(EXERCISE BRIEF) Would you output the entries below only from the line containing "Divina Sposa Miss" through the line containing "Like new! Floral button down dress", exactly as they stand and with both ends included?

(RECORD EXCERPTS)
= = =

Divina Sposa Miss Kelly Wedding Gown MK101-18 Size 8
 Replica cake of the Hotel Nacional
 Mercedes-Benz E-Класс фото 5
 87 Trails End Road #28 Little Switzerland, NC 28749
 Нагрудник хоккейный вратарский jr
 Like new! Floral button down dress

= = =

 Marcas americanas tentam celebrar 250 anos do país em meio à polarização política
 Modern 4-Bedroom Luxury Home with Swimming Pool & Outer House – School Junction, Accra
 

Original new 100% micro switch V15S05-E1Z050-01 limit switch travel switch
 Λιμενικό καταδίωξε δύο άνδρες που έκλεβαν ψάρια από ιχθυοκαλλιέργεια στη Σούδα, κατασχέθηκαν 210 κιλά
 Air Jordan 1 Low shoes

= = =

(OUTPUT FOR THIS EXERCISE)
Divina Sposa Miss Kelly Wedding Gown MK101-18 Size 8
 Replica cake of the Hotel Nacional
 Mercedes-Benz E-Класс фото 5
 87 Trails End Road #28 Little Switzerland, NC 28749
 Нагрудник хоккейный вратарский jr
 Like new! Floral button down dress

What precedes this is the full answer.